══ INPUT RECORDS

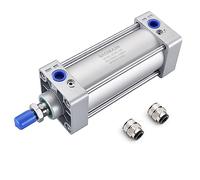 Baomain Cilindro pneumatico SC 80 x 150 PT 3/8, Foro: 80mm, Corsa: 150mm, Avvitato Pistone Rod Dual Action 1 Mpa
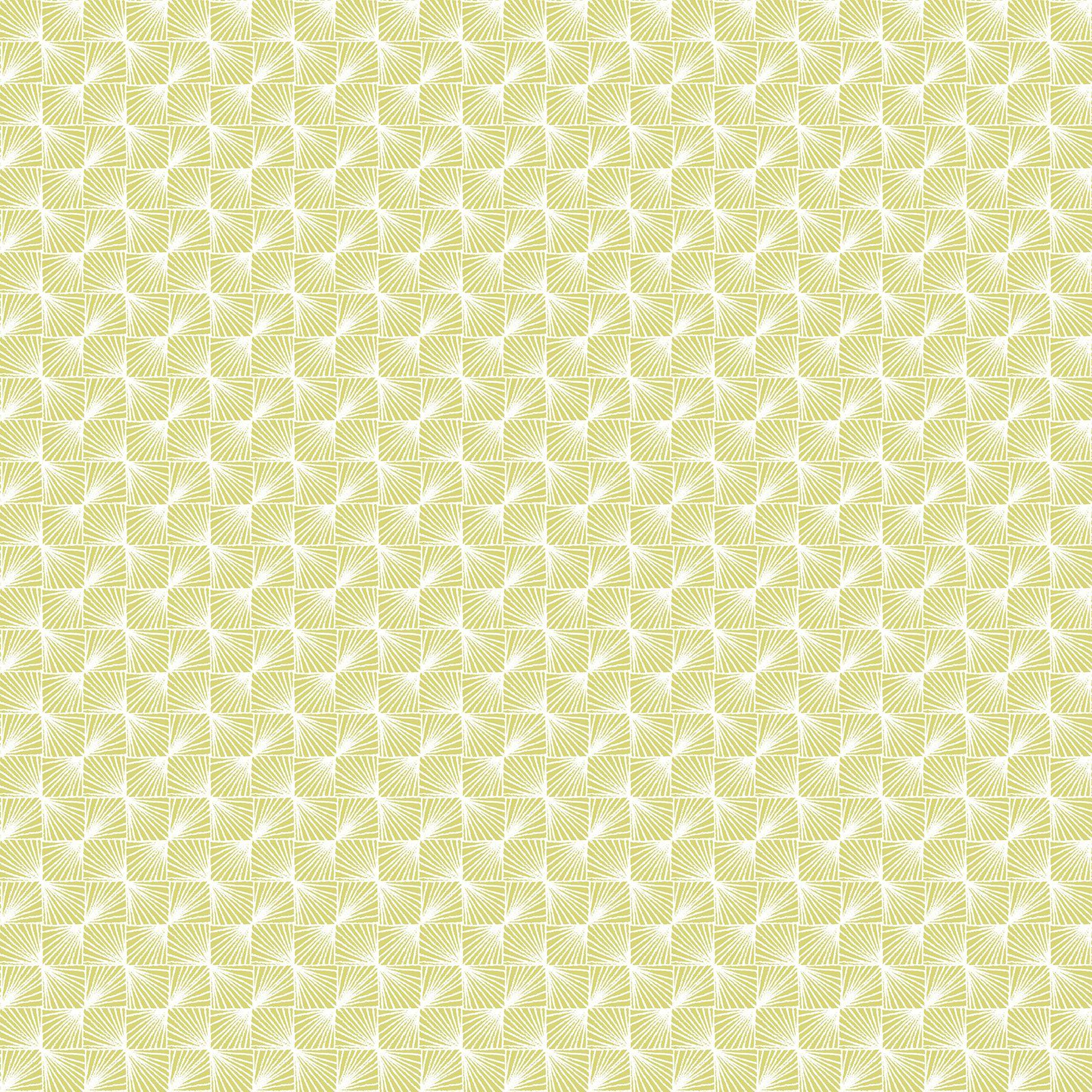 Coloroll Stockholm Lime Geometric Wallpaper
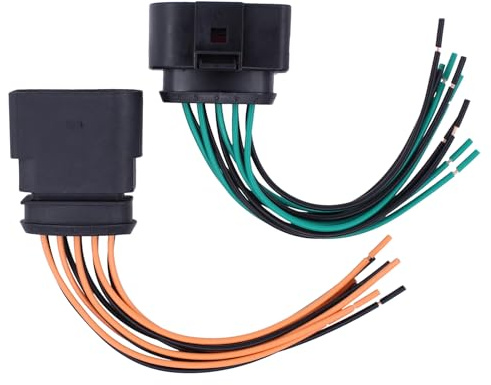 Scheinwerfer Stecker Lampe Anschluss Kabelbaum Adapter Hauptscheinwerfer Kabel Buchse Reparatursatz für Passat B5 Golf 4 Golf 5 Plus Golf 6 Caddy New Beetle 9C Bo-ra Je-tta Eos Fox Superb 3T Roomster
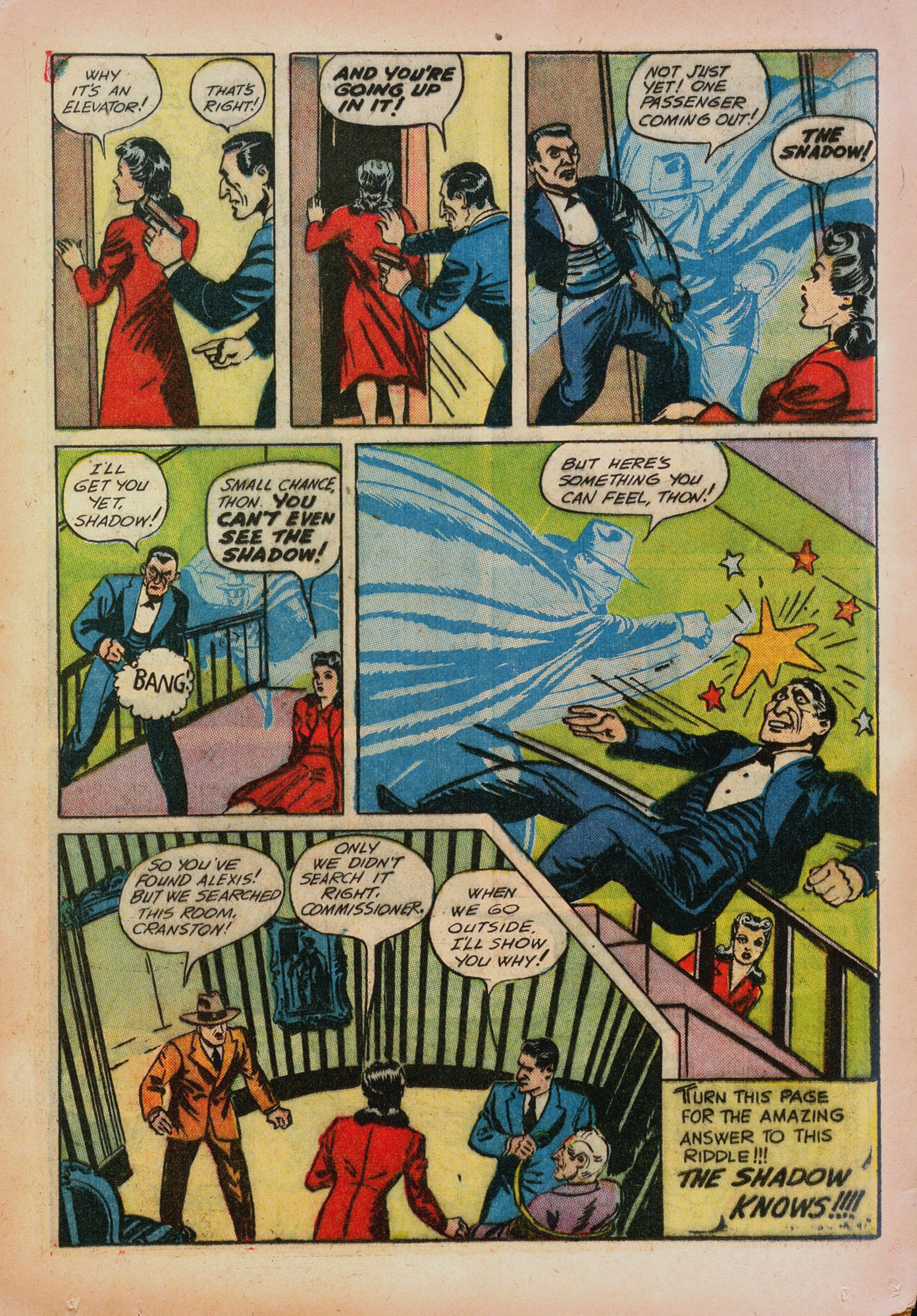 Read online Shadow Comics comic -  Issue #35 - 25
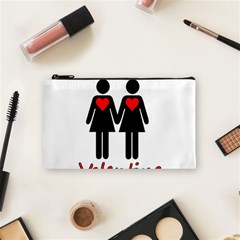 Be My Valentine 2 Cosmetic Bag (small)  by Valentinaart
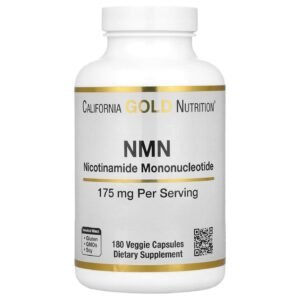 California Gold Nutrition NMN 175 mg – 180 Veggie Capsules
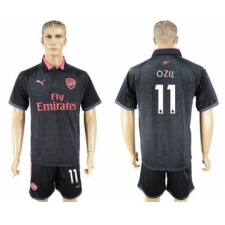 Arsenal #11 Ozil Sec Away Soccer Club Jersey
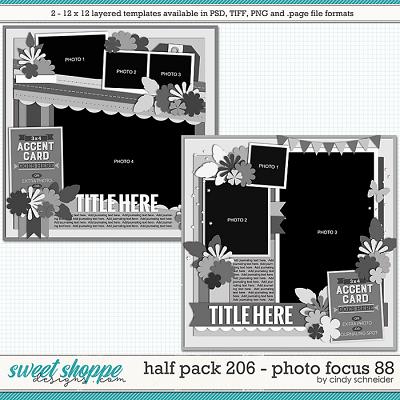 Cindy's Layered Templates - Half Pack 206: Photo Focus 88 by Cindy Schneider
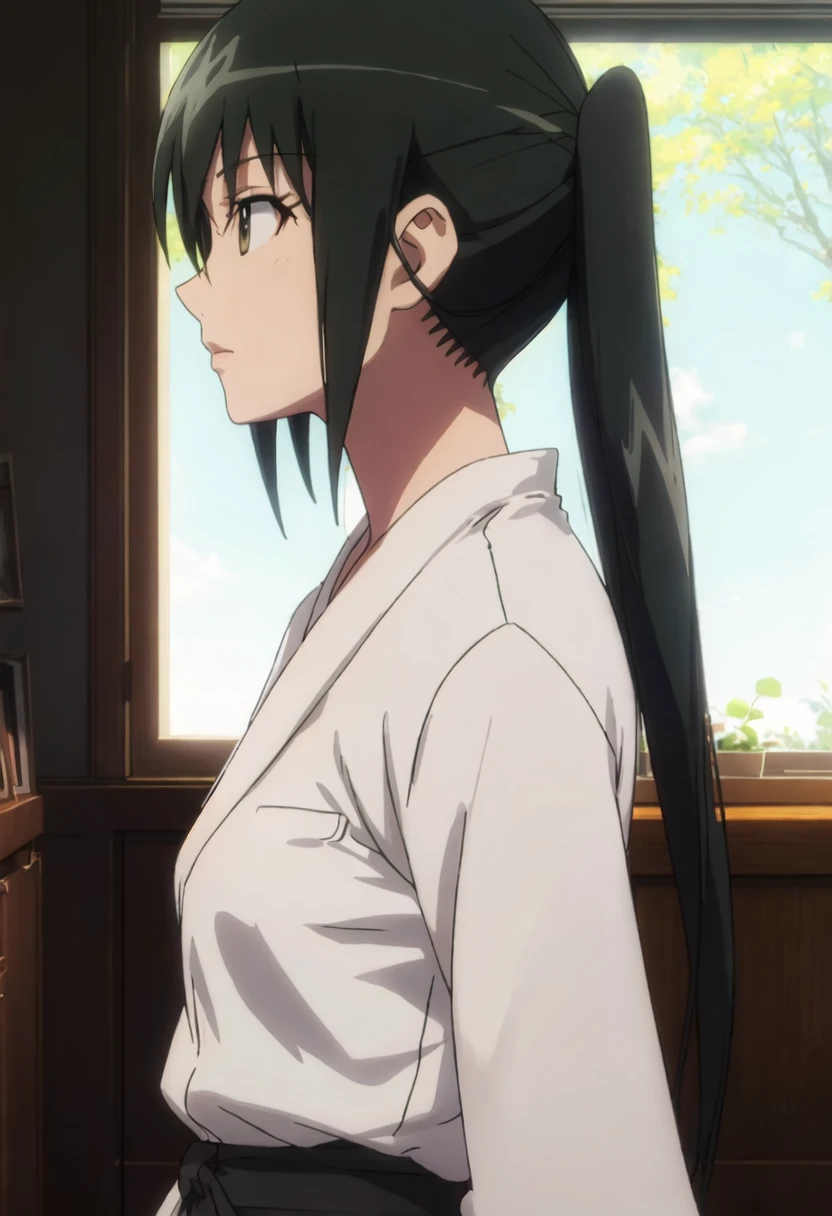 {safe:1.10}, best quality, masterpiece, highres, solo, {mitsuba_mutsumi_seitokaiyakuindomo:0.90}, profile, from_side, upper_body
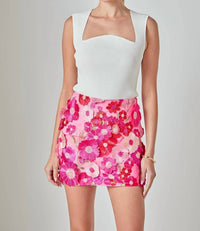 Endless Rose - Floral Embroidered Skirt
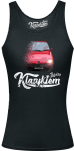 Czarny top damski FIAT Seicento.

════

**ABOUT THIS TASK:**
Everything in the records except the pictures is to be repeated exactly.

**YOUR RESPONSE:**
 Baomain Cilindro pneumatico SC 80 x 150 PT 3/8, Foro: 80mm, Corsa: 150mm, Avvitato Pistone Rod Dual Action 1 Mpa
 Coloroll Stockholm Lime Geometric Wallpaper
 Scheinwerfer Stecker Lampe Anschluss Kabelbaum Adapter Hauptscheinwerfer Kabel Buchse Reparatursatz für Passat B5 Golf 4 Golf 5 Plus Golf 6 Caddy New Beetle 9C Bo-ra Je-tta Eos Fox Superb 3T Roomster
 Read online Shadow Comics comic -  Issue #35 - 25
 Be My Valentine 2 Cosmetic Bag (small)  by Valentinaart
 California Gold Nutrition NMN 175 mg – 180 Veggie Capsules
 Arsenal #11 Ozil Sec Away Soccer Club Jersey
 Cindy's Layered Templates - Half Pack 206: Photo Focus 88 by Cindy Schneider
 {safe:1.10}, best quality, masterpiece, highres, solo, {mitsuba_mutsumi_seitokaiyakuindomo:0.90}, profile, from_side, upper_body
 Endless Rose - Floral Embroidered Skirt
 Czarny top damski FIAT Seicento.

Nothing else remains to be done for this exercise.